Poetry readings at Village Square Booksellers

poetry
Jonathan Andersen. Photo provided.

BELLOWS FALLS, Vt. – Village Square Booksellers welcomes New England poets Jon Andersen, author of “Augur,” and Ross Thurber, author of “Pioneer Species,” for a reading Saturday, Jan. 12 at 1 p.m., followed by Open Mic Poetry, led by the River Voices.

Jonathan Andersen’s most recent collection of poems, “Augur,” was the recipient of the 2017 David Martinson-Meadowhawk Prize. The augurs of ancient Rome were charged with studying natural phenomena, like the flight habits of birds, in order to look for propitious or unfavorable omens. The poems in “Augur” are attempts to “decode” the signs of a world in the midst of tremendous and often bewildering upheaval. Written from the interlocking perspectives of father, husband, son, brother, educator, and citizen, the poetry seeks to engage life with clarity.

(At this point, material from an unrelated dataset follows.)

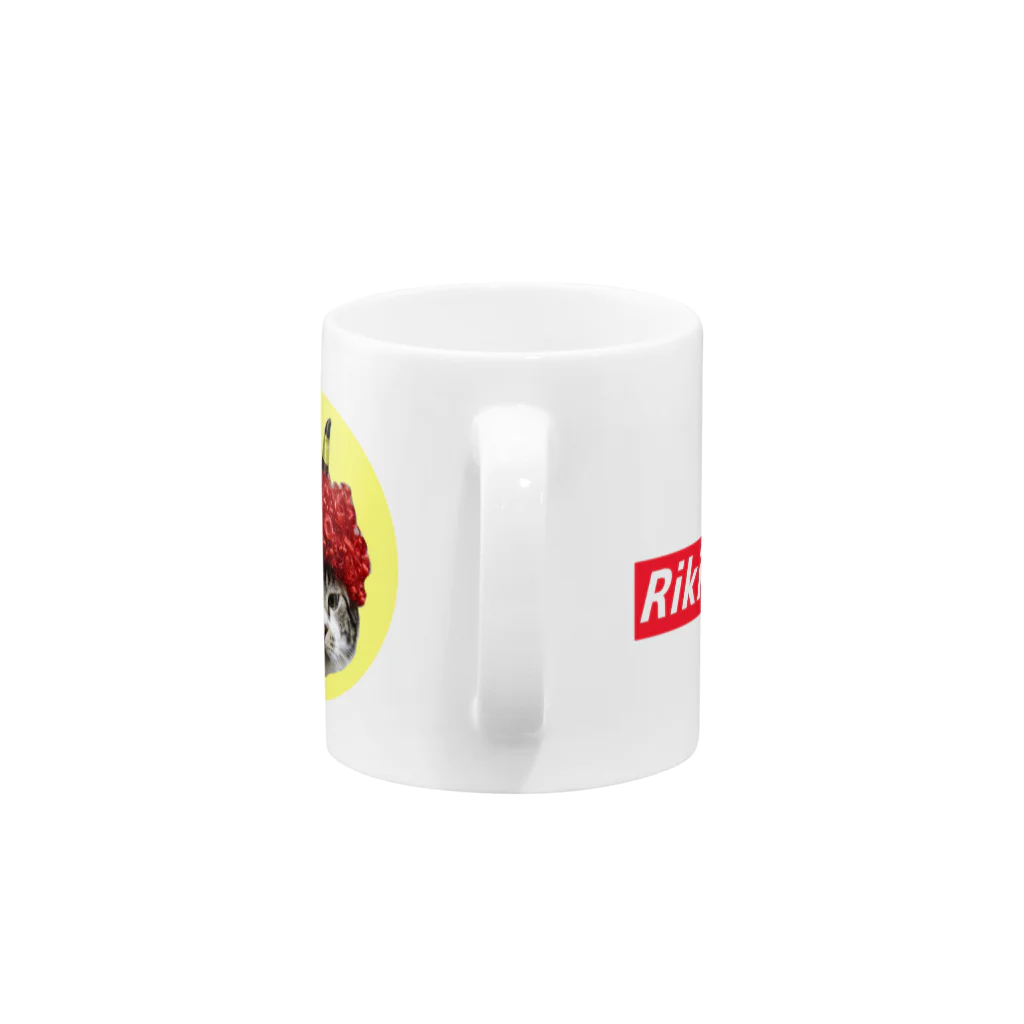 RIKICHANNEL OFFICIAL SHOPの赤鬼×ボックスロゴ Mug :handle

For 12 years, Andersen was a high school English and special education teacher, and since 2008 he has been a professor of English at Quinebaug Valley Community College in Danielson and Willimantic, Conn. He and his wife, fellow writer and educator Denise Abercrombie, live in Storrs, Conn., and have two sons, Kit and Miles.

poetry
Ross Thurber. Photo provided.

Ross Thurber is a farmer and poet living and working on his family farm in Brattleboro, Vt. His first collection, “Pioneer Species,” was published by Green Writers Press in April 2018. His work has also appeared in Vermont Life, Bloodroot Literary, anthologized and in “Birch Song: Vermont Voices” published by Blue Line Press 2018. He received an award of an Emily Mason fellowship for a residency at the Vermont Studio Center in 2012.

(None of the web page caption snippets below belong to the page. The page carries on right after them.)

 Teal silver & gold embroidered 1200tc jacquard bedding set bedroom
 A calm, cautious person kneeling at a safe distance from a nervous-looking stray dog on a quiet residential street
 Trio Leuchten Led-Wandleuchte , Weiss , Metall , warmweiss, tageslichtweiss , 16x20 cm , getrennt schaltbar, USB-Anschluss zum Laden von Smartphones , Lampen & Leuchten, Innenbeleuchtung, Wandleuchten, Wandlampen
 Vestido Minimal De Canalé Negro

“Pioneer Species” is a collection of poems that is divided into four sections: “Green Popplewood,” “Sunburnt Juniper,” “Stag Horn Sumac,” and “Snow Melt, Black Brook.” Each section represents a seasonal form of succession that is both literal and abstract. Ultimately, the poems in this manuscript have been winnowed to represent a narrative that echoes the idea that, like a lyric poem, stability is only a moment in time – one to be cherished.